Enter my two favorite questions in programming:
- Can I do it? (or, do the systems I have access to allow me to do it?)
- How do I do it? (or, how do I leverage existing systems to do this?)
We can answer question 1 by searching the Discord API and sure enough, we can.
Question 2 shouldn’t be too hard to answer if we trust our library (another stellar package), and with a little help from the IDE, we quickly find
Task<IUserMessage> IMessageChannel.SendFileAsync(string filePath)

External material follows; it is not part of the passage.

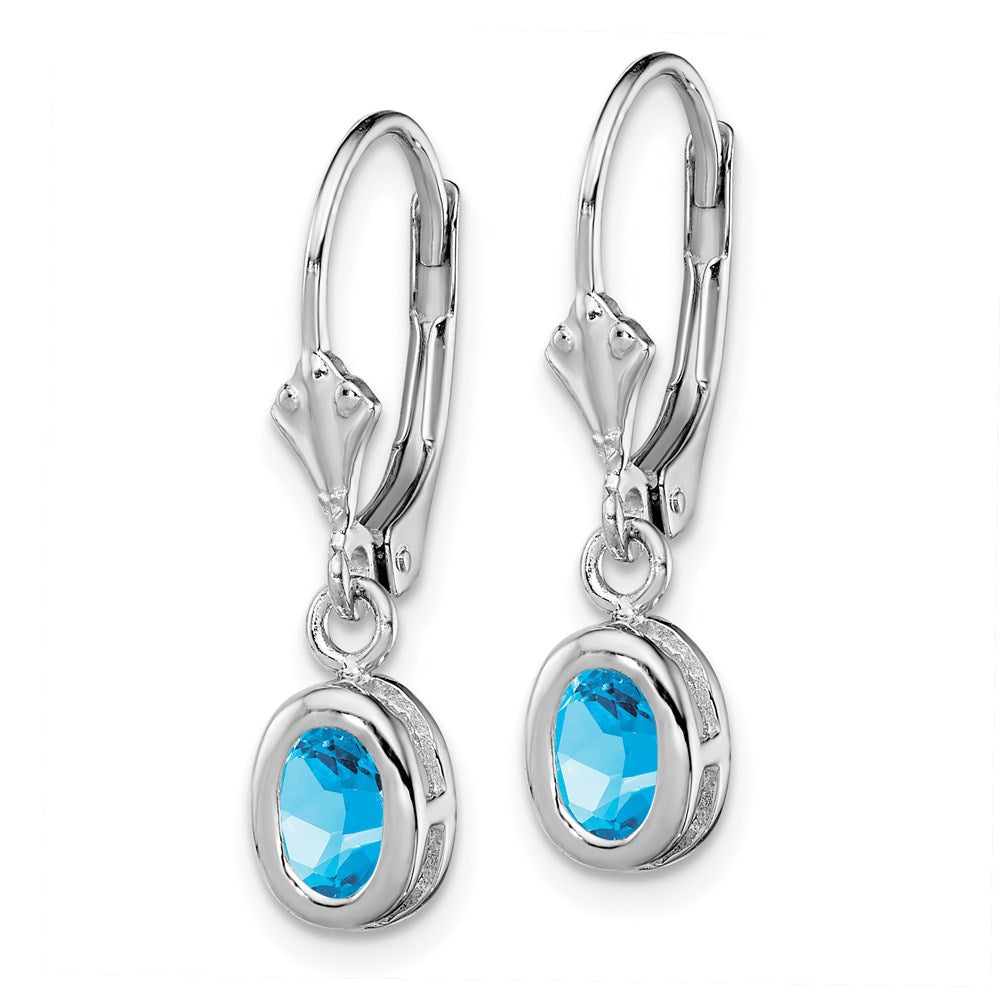 Sterling Silver Rhodium Plated 6x Oval Blue Topaz Leverback Earrings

It even returns the message sent, complete with the URL to the attachment. Dang, what a good library.
Bringing it all together
After a few helper functions, the final code we write looks something like:
var imageFile = Server.Instance.TakeScreenshot();
var fileUrl = await Server.Instance.Discord.UploadFile(imageFile);
Assistant.ReactToImage(fileUrl);
Super easy, super fun, super powerful.
An Image is Worth 1000 words, 1000 words costs $0.03
The current implementation of Vision makes it a bit hard to eke out exactly what I’m looking for in a response. The model typically tries to describe what the image contains (an important demo of understanding), but has a hard time creating a narrative around or reacting to the image. For example, a screencap of a dragon fight in Skyrim is more likely to elicit the description:
"A tense moment in Skyrim: Dragon mid-flight, health low. Will the player land the next blow or retreat strategically? Adventure awaits in every frame."
as opposed to a reaction:
"Trying to fight a bloodthirsty dragon at low health? Looks like you're about to become dinner."
Hopefully with a few more iterations, OpenAI will get there.